= Codex: Imperial Guard =

Game supplement

First edition, cover art by David Gallagher, 1995

Codex: Imperial Guard is a supplement published by Games Workshop (GW) in 1995 for the tabletop miniatures wargame Warhammer 40,000.

==Contents==
Codex: Imperial Guard is divided into several sections:
- Army List lists the units that can be used in an Imperial Guard army. This section also includes special rules, and details things such as weaponry, equipment and special forces, as well as a new "Orders" system.
- Background details how regiments of the Imperial Guard are recruited and organized, and also outlines the history of some famous regiments.
- Special Characters contains the backgrounds and details of notable characters.
- Hobby outlines how Imperial Guard units should be painted.

==Publication history==
GW first published Warhammer 40,000 in 1987. A second edition quickly followed. as well as a number of supplements. One of these was Codex: Imperial Guard, a 112-page softcover book designed by Rick Priestley with contributions by Andy Chambers, Jervis Johnson, and Ian Pickstock, with interior art by John Blanche, Wayne England, Mark Gibbons, and Des Hanley, and cover art by David Gallagher, published by GW in 1995. As Warhammer 40,000 evolved, this book was revised and republished a number of times, the latest being a 5th edition in 2009.

==Reception==
Patrick Eibel graded the various sections of the book from A+ to B, and concluded, "These changes have not stripped away the core identity of an Imperial Guard army: its masses of infantry and numerous tanks. In fact, these qualities have been greatly enhanced and improved."

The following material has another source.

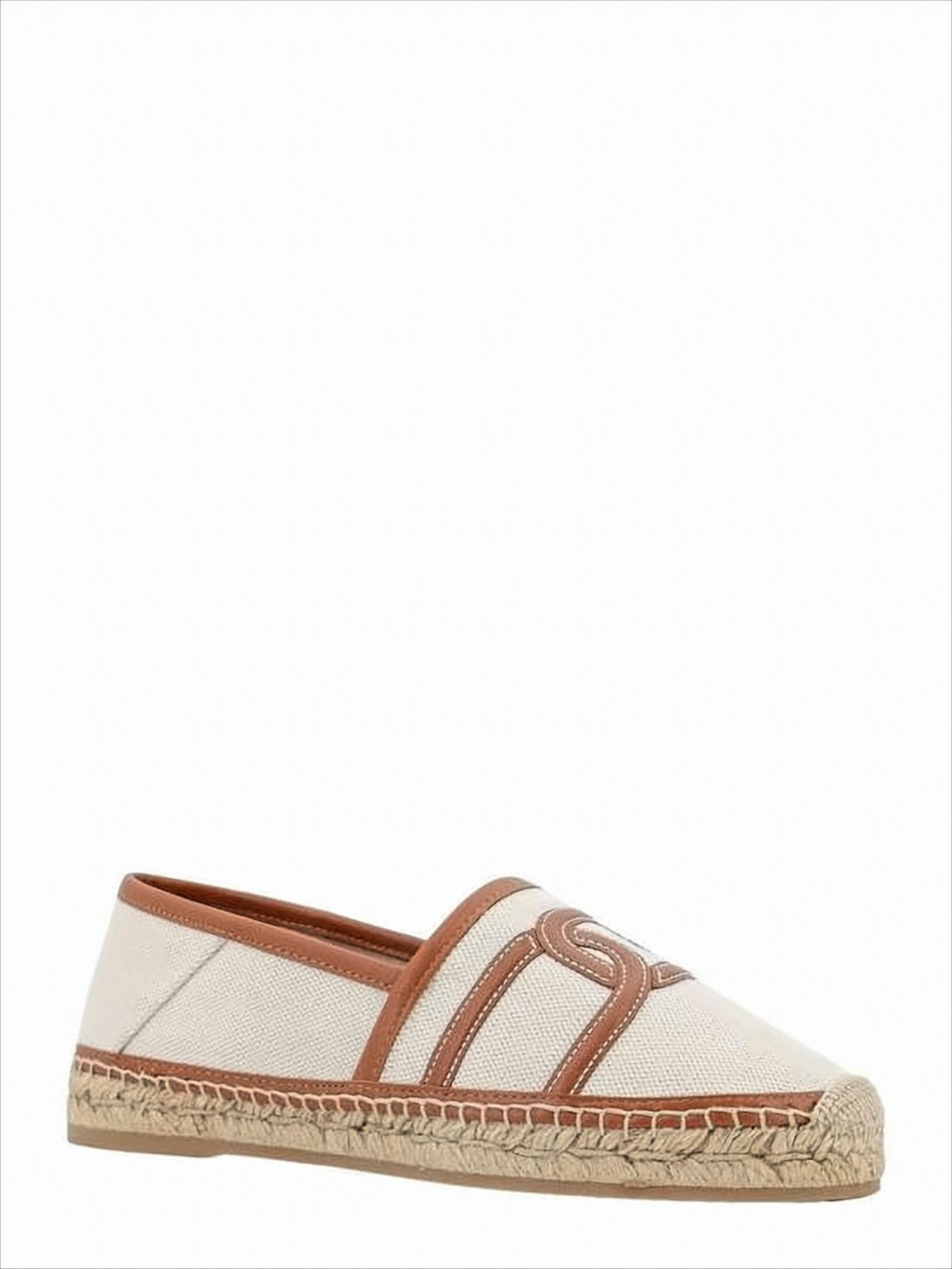 Canvas and Leather Slip-On Loafers with Jute Sole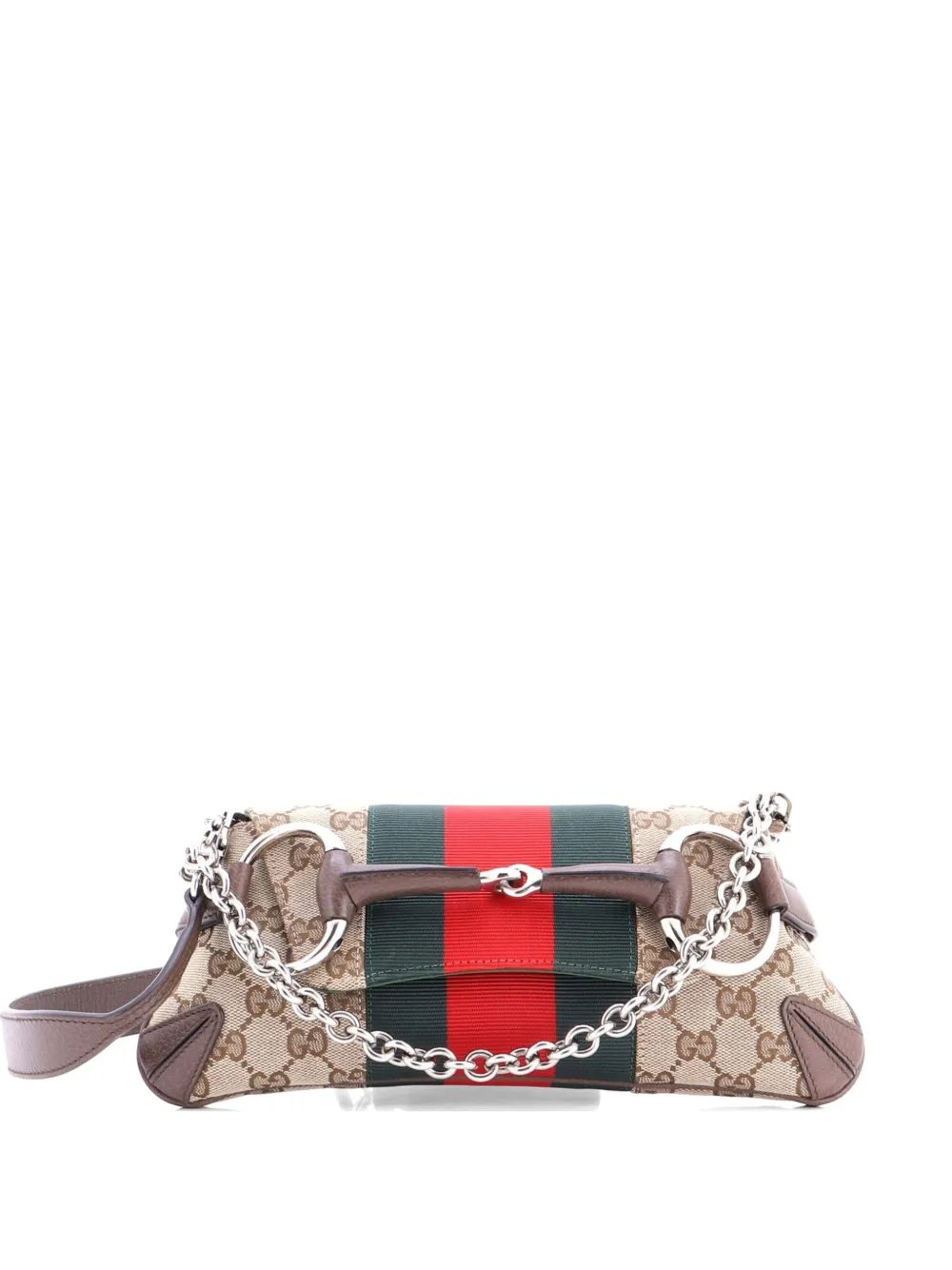 Horsebit NM Web Chain Clutch GG Canvas Small shoulder bag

In Issue 2 of Arcane, Mark Donald called this book "An essential purchase for any budding Great Commander with delusions of grandeur." He concluded by giving the book an above average rating of 8 out of 10.

In Issue 19 of Backstab, Timbre Poste noted that the 3rd edition of this book attempted to simplify some of the previously published rules, and "From a practical point of view, you will find far fewer characters here than in the previous versions." Poste also commented on the strong offense but weak defense of the Guard, saying, "Every place where you deploy an army will be a real butcher's shop, although you often risk being yourself cut into hamburger and chops." Poste concluded by giving the book a rating of 6 out of 10.